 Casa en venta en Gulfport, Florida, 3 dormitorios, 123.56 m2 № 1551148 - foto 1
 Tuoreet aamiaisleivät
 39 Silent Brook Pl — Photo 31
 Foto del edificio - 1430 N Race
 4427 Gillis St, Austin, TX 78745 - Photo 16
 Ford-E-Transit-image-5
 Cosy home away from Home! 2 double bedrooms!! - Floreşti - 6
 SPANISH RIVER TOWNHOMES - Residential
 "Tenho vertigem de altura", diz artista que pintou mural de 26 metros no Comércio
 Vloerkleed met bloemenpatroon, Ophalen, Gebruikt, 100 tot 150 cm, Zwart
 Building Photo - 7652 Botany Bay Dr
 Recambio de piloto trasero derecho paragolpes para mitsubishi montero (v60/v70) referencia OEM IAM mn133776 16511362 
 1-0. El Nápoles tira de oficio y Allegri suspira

Instructions to follow:
Provide only the count of lines within the entries above that include the string "Photo".

Written reply:
3